Lei è promotrice del movimento femminista. In Pink Tank di Serena Marchi (Fandango), rivendica il ruolo della donna nella politica. Quali sono le battaglie delle donne del 2020?
«Rispetto a quando ero ragazza io, la sensazione riguardo alla condizione femminile è completamente cambiata, e – occorre riconoscerlo – anche migliorata. Però la strada è ancora lunga e in salita, con rischi di ritorni indietro importanti. Ricordo la legalizzazione del divorzio e dell’aborto, il nuovo diritto di famiglia, l’abolizione del reato d’onore. Sono state battaglie importanti. Poi, come se avessimo corso troppo e troppo velocemente, ottenendo risultati storici, il movimento femminista si era quasi fermato, per prendere fiato. Ma sono ancora tante le battaglie da fare. Anzitutto per affermare quella sbandierata parità che non si è mai realizzata pienamente, né in termini retributivi a parità di mansioni, né nel ricoprire incarichi apicali, che restano troppo pochi per le donne. Resta preponderante la battaglia contro il femminicidio, che purtroppo le pagine di cronaca ci raccontano con una frequenza allarmante. Ma le battaglie per le donne non possono e non devono essere condotte solo dalle donne. Sono convinta che un reale avanzamento per noi tutte potrà esserci solo se questa battaglia verrà condivisa anche con gli e dagli uomini.»

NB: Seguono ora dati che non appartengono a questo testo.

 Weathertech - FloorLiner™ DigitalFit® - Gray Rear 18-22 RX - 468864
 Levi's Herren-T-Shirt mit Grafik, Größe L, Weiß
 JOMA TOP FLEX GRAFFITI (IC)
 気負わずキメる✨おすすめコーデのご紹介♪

Una vita spesa in favore dei diritti civili. Dalla legge sull’aborto, Suo grande caposaldo, al fine vita. A che punto siamo? Quali sono i prossimi passi?

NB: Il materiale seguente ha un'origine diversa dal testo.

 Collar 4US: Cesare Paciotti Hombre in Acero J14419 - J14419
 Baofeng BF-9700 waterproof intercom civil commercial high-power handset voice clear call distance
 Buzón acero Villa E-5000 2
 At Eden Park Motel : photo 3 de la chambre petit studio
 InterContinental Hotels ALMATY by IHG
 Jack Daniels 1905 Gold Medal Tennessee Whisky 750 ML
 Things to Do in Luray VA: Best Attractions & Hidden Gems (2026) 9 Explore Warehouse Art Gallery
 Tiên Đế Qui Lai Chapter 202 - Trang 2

«Le società evolvono. E questa evoluzione dovrebbe essere spinta o almeno accompagnata dal riconoscimento da parte legislativa di nuovi diritti. Invece è sempre valso l’inverso. Anche in Italia le leggi sono state adottate sempre vincendo resistenze di ogni sorta, quando nella società i mutamenti erano in atto o, nella maggior parte dei casi, quando si erano già sedimentati. Detto questo, di passi da fare davanti a noi ce ne sono ancora tanti e troppi. Basti pensare alla legge 40 del 2004 sulla fecondazione assistita, con anche la previsione di superare quel limite posto alla fecondazione eterologa, allo ius soli e all’eutanasia, solo per citarne alcuni. Senza dimenticare che i diritti conquistati non sono da considerarsi intoccabili, specie in momenti di politiche reazionarie. Come dico spesso, i diritti sono come andare in bicicletta, per cui se smetti di pedalare cadi. E così per i diritti: vanno nutriti, difesi e promossi ogni giorno. Quello che mi auguro è che i cittadini ritrovino la passione civica per lottare per i propri diritti. E, chissà, magari un giorno avremo una società in cui ognuno può essere ciò che è e ciò che vuole essere, indipendentemente dal sesso di appartenenza, dalla religione, dal credo politico.»
Per il nostro giornale, Mina Welby cura una sua personale rubrica su libertà di scelta e fine vita. Crede ci sia possibilità di riaprire il dibattito in Aula ora che non c’è più il veto delle destre?
«Spero fortemente sia possibile riaprire il dibattito in Aula sul fine vita. Di fatto, oggi abbiamo un nuovo governo, ma non c’è il tempo per poter prendere alcuna decisione prima della scadenza del prossimo 24 settembre fissata dall’ordinanza della Consulta. Ma non credo si tratti solo di un veto di destra. Ciò che è mancato finora è stata la volontà politica. Ho letto di una presa di impegno personale da parte di alcuni deputati del PD per sbloccare la situazione. Spero davvero sia così. È una battaglia di civiltà, per chi ama la vita e vuole vivere liberamente fino alla fine dei propri giorni.»